WHAT TO WORK ON:
The response has to reproduce all entries exactly while excluding their pictures.

MATERIAL FOR THIS EXERCISE:

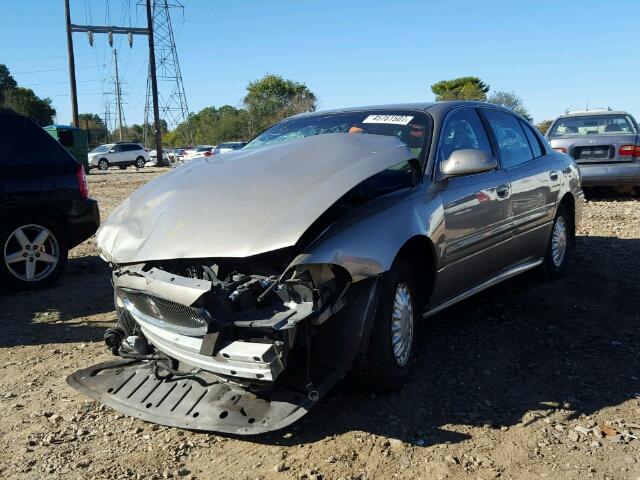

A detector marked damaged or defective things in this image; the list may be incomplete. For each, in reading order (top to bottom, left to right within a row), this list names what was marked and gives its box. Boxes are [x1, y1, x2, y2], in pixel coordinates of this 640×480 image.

detached bumper cover [66, 360, 340, 436]
crushed front end [70, 253, 380, 434]
damaged tan sedan [67, 102, 584, 436]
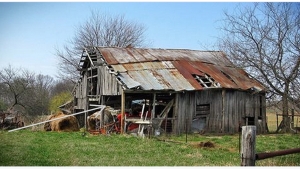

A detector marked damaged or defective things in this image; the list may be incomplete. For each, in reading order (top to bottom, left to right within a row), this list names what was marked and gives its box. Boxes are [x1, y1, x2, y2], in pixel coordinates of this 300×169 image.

THE ANSWER:
A detector marked damaged or defective things in this image; the list may be incomplete. For each, in reading order (top to bottom, left to right within a row), this list names what was marked and gives its box. Boxes are [x1, y1, x2, y2], in pixel coordinates of this 640×480 image.

detached bumper cover [66, 360, 340, 436]
crushed front end [70, 253, 380, 434]
damaged tan sedan [67, 102, 584, 436]

A detector marked damaged or defective things in this image; the list may be incomplete. For each, in reading order (top to bottom, left to right within a row), this list names what was marked and gives its box. Boxes are [x1, y1, x2, y2], in pixel coordinates of this 300×169 image.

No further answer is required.